Case Name : Commissioner of Central Goods And Service Tax Vs Jain Poles Industries (Rajasthan High Court)
Appeal Number : D.B. Excise Appeal (EXCIA) No. 75/2018
Date of Judgement/Order : 27/02/2024
Related Assessment Year :

Commissioner of Central Goods And Service Tax Vs Jain Poles Industries (Rajasthan High Court)

Introduction: The case of Commissioner of Central Goods And Service Tax vs Jain Poles Industries before the Rajasthan High Court revolves around the jurisdiction of high courts to entertain appeals concerning the determination of excise duty rates or the value of goods for assessment.

Detailed Analysis: The appellant, dissatisfied with the order of the Excise & Service Tax Appellate Tribunal, filed an appeal under Section 35G of the Central Excise Act, 1944. However, an objection to the maintainability of the appeal was raised, questioning the jurisdiction of the high court in such matters.

The crux of the argument lies in the interpretation of Section 35G(1) of the Act, which stipulates that appeals to the high court shall not lie concerning the determination of questions related to the rate of excise duty or the value of goods for assessment.

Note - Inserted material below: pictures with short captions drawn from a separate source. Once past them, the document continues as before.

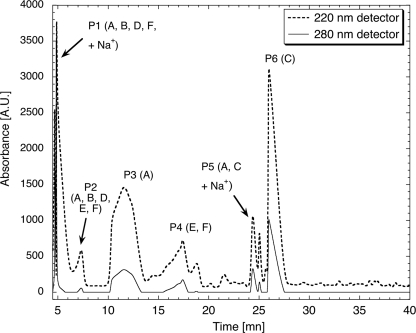 FIGURE 1.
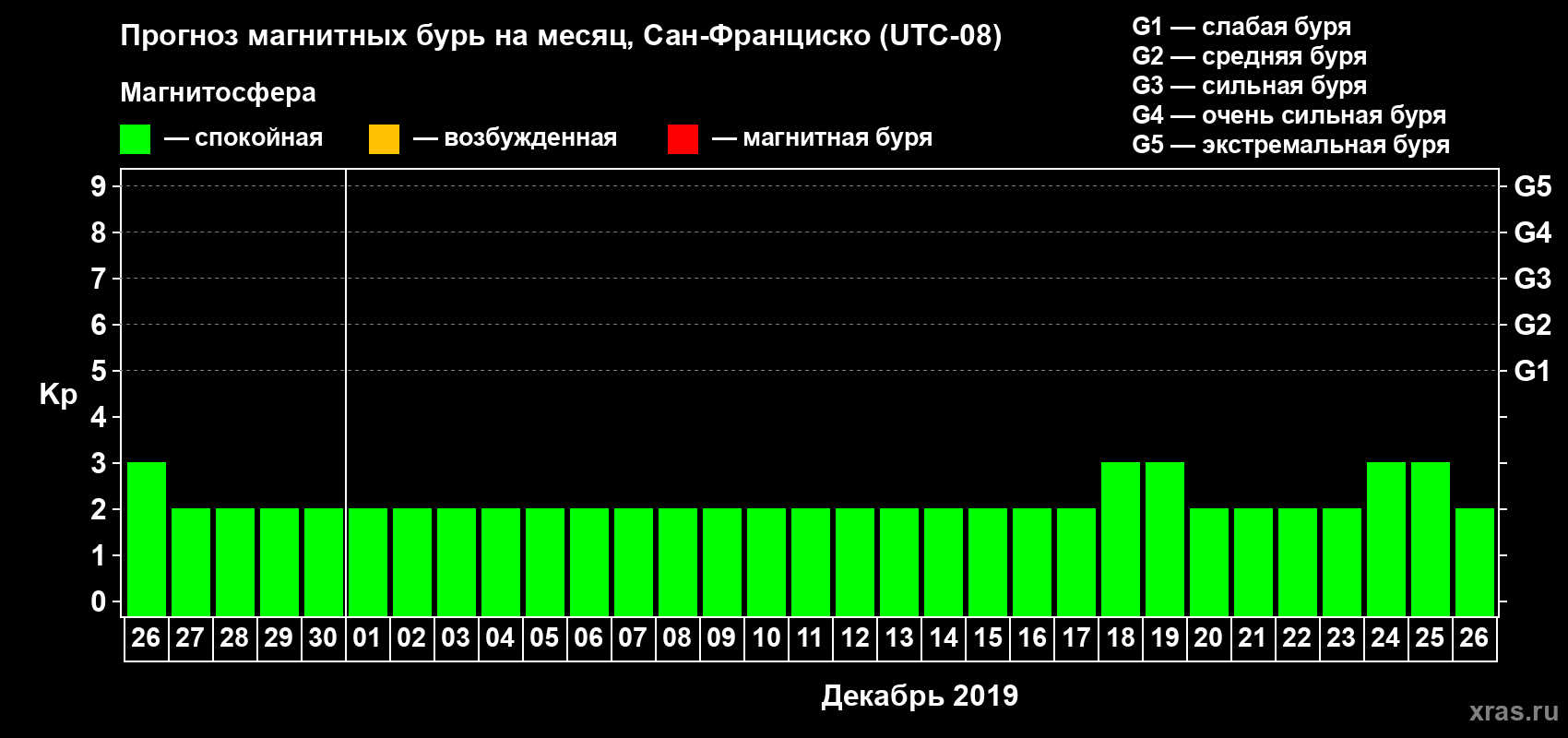 Прогноз максимального суточного геомагнитного индекса Kp на <b>1 месяц</b> (31 день) <b>с 26 ноября по 26 декабря 2019 г</b>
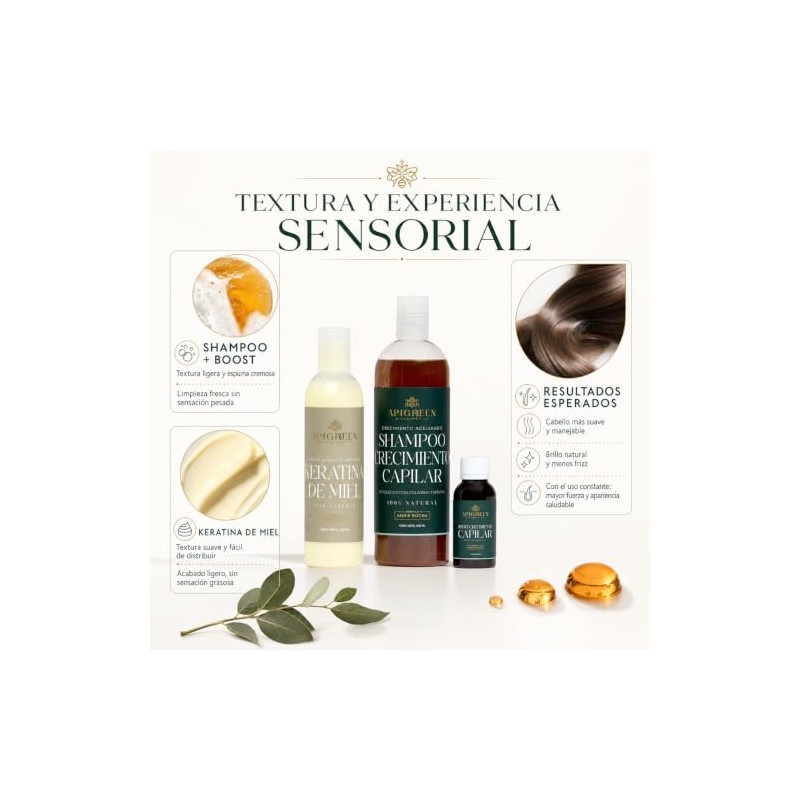 Kit Magico Anticaida | Crecimiento Acelerado | Con Keratin |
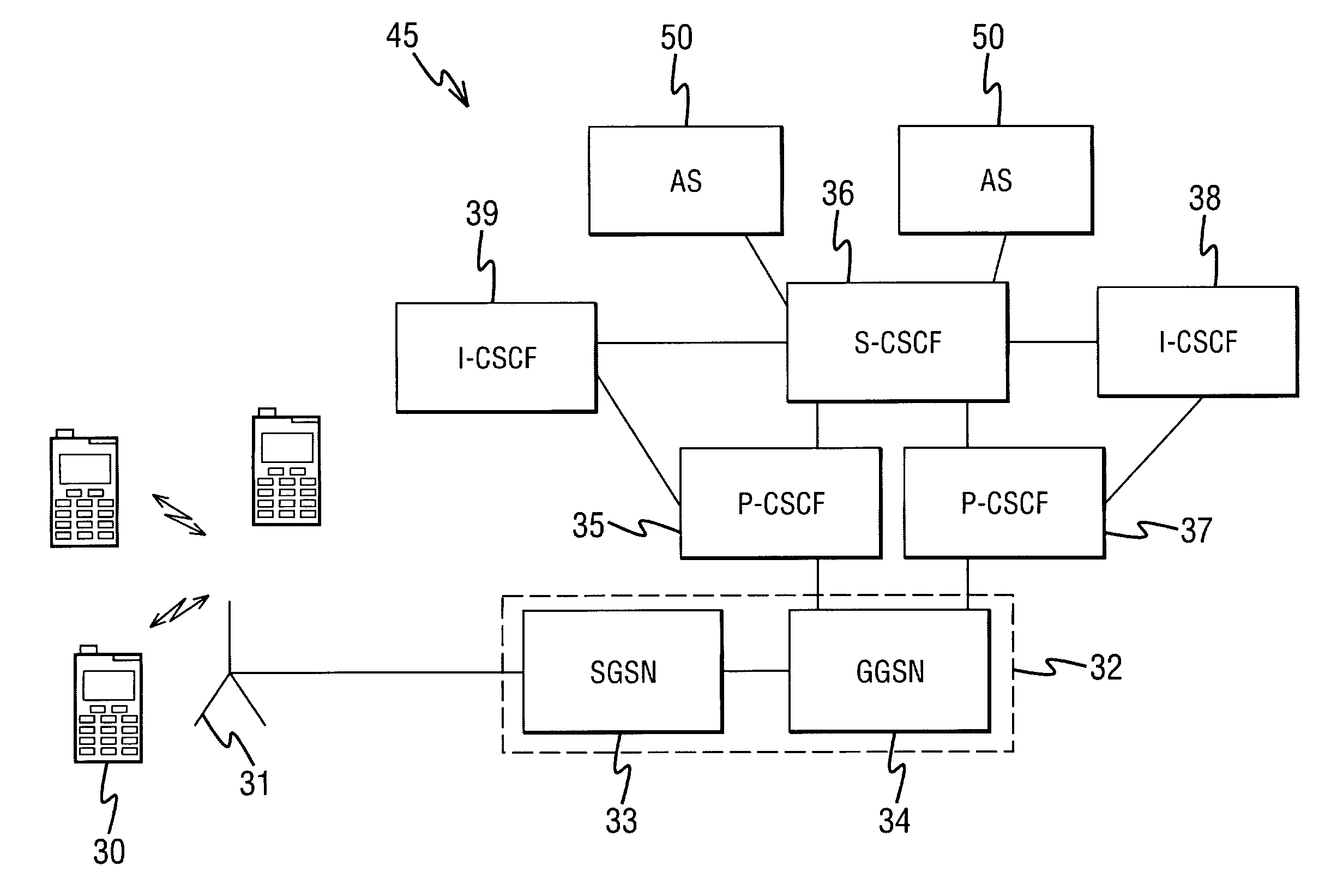 Method For Handling Service Failures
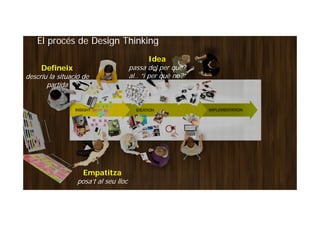 Idea
passa del per què?
al.. “i per què no?”
Defineix
descriu la situació de
partida
Defineix
descriu la situació de
partida
El procés de Design Thinking
Empatitza
posa’t al seu lloc
 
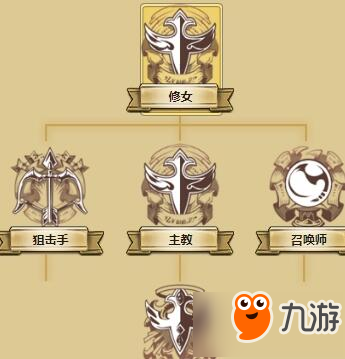 夢幻模擬戰(zhàn)安娜轉(zhuǎn)職選擇 轉(zhuǎn)哪個厲害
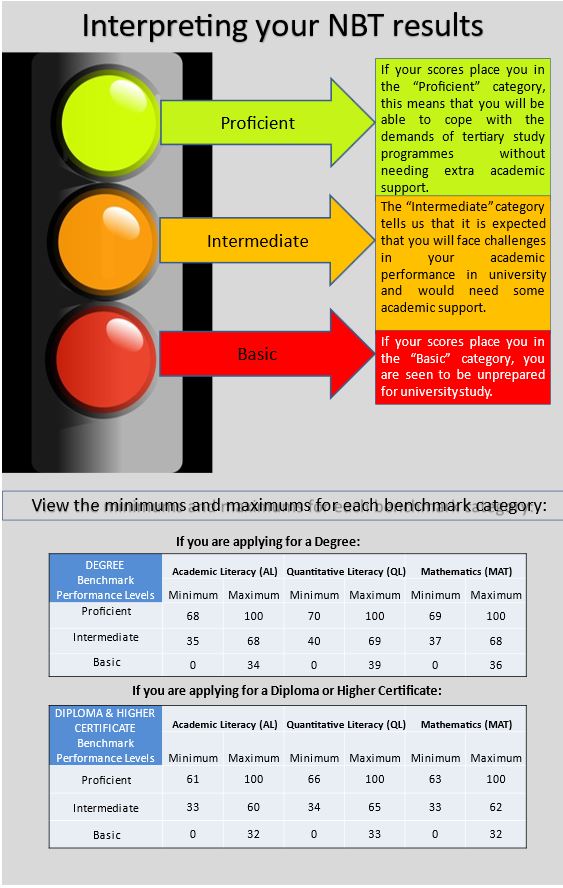 Interpreting your results National Benchmark Test Project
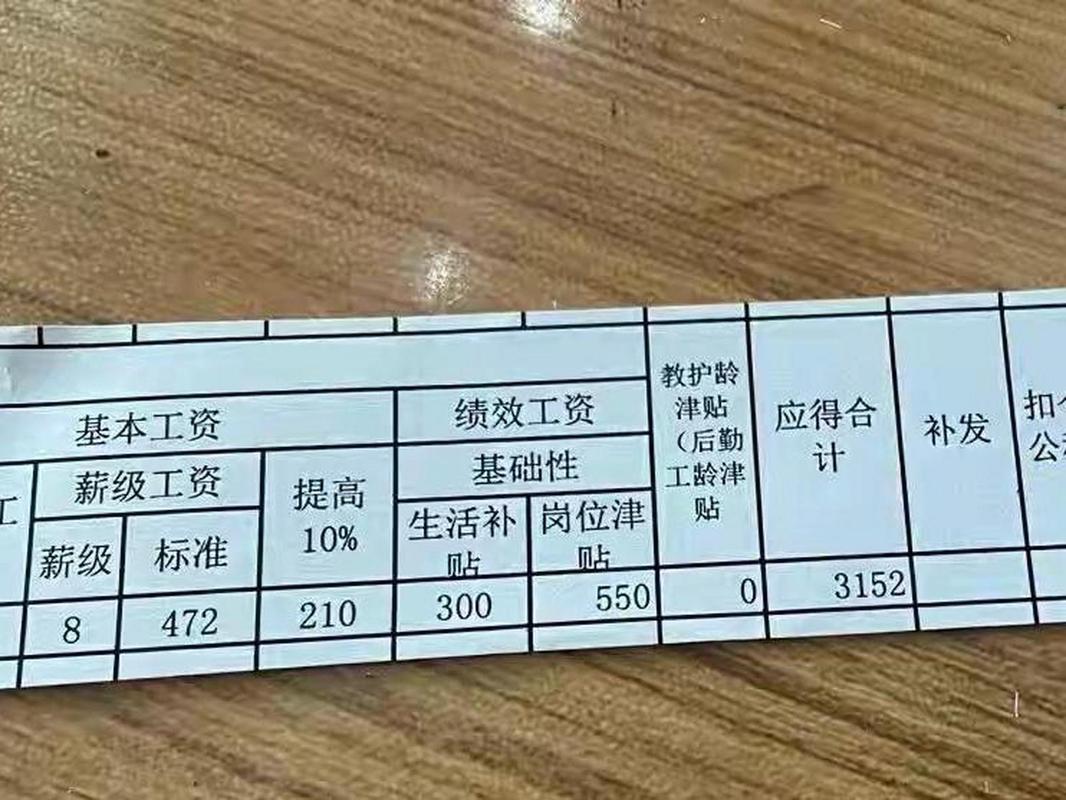 成都幼师月薪究竟多少?-图3 成都幼师月薪究竟多少?-图3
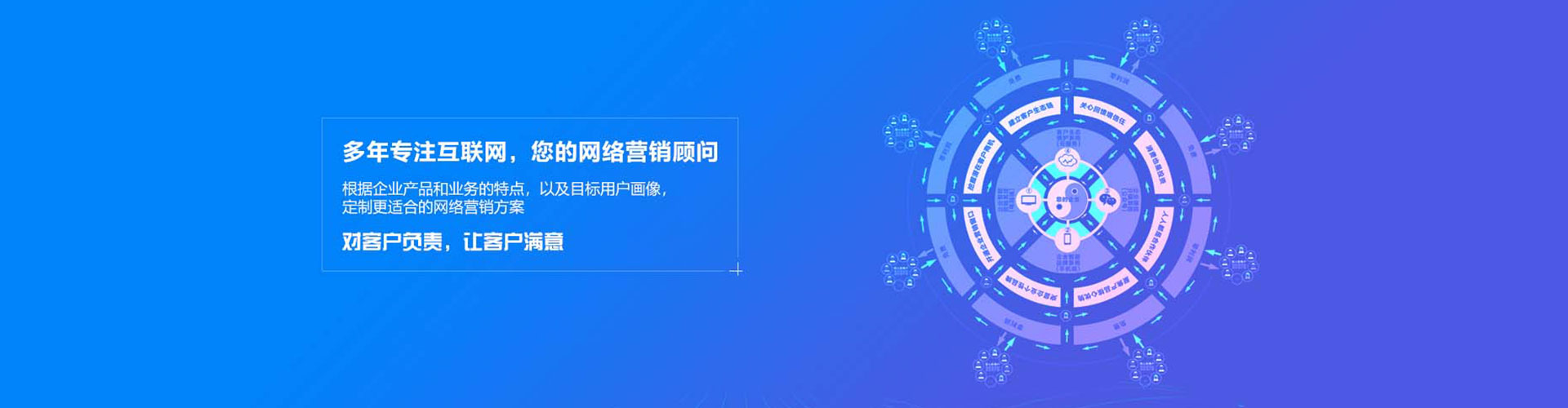 城阳网络推广竞价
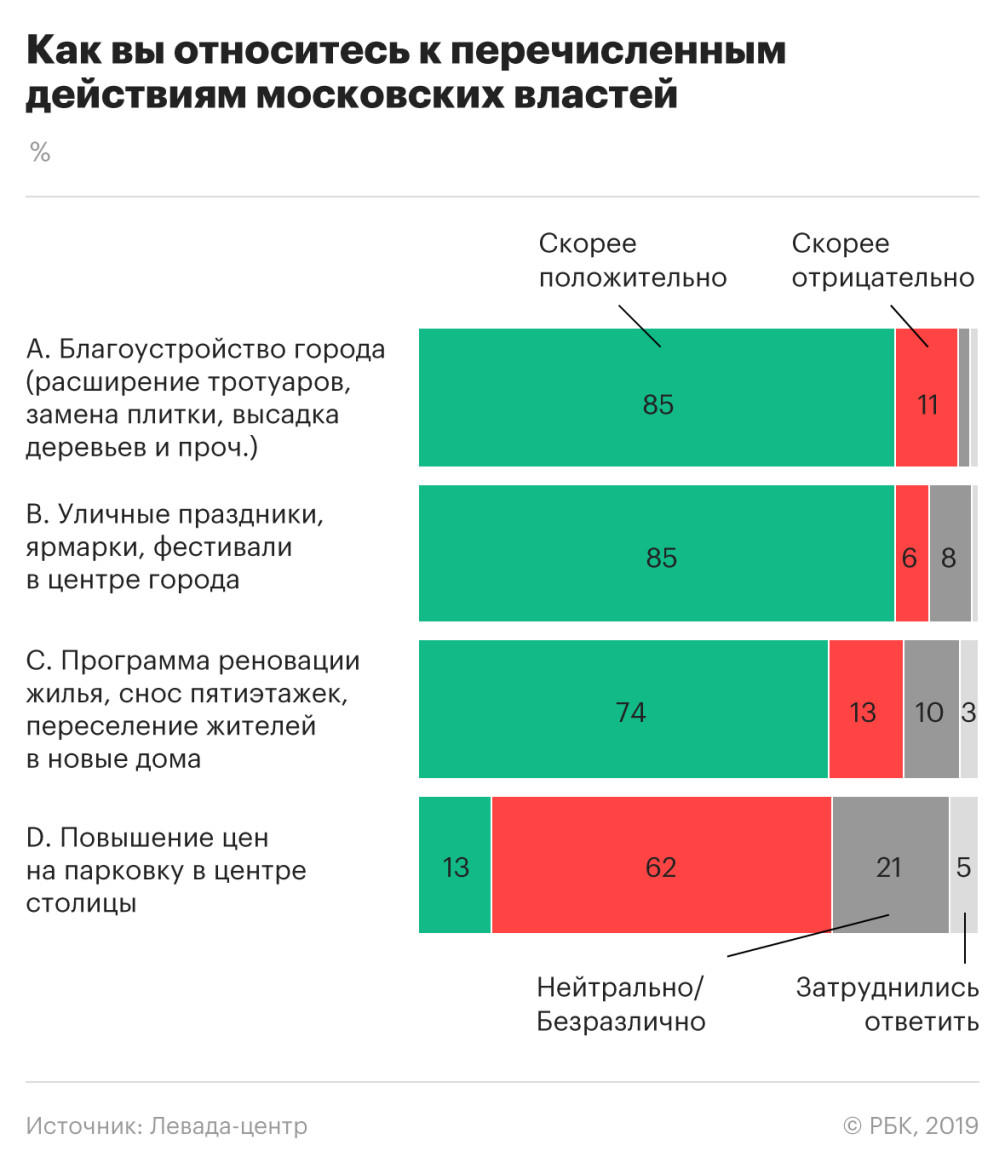 Москвичи между парковками и штрафами :: Политика :: Газета РБК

Counsel for the appellant contended that the case did not fall within the exception under Section 35G(1) as the dispute pertained to the withdrawal of Small Scale Industry (SSI) Exemption. However, counsel for the respondent argued that if SSI Exemption is withdrawn, it would result in excise duty becoming leviable, thereby falling within the exception under Section 35G(1).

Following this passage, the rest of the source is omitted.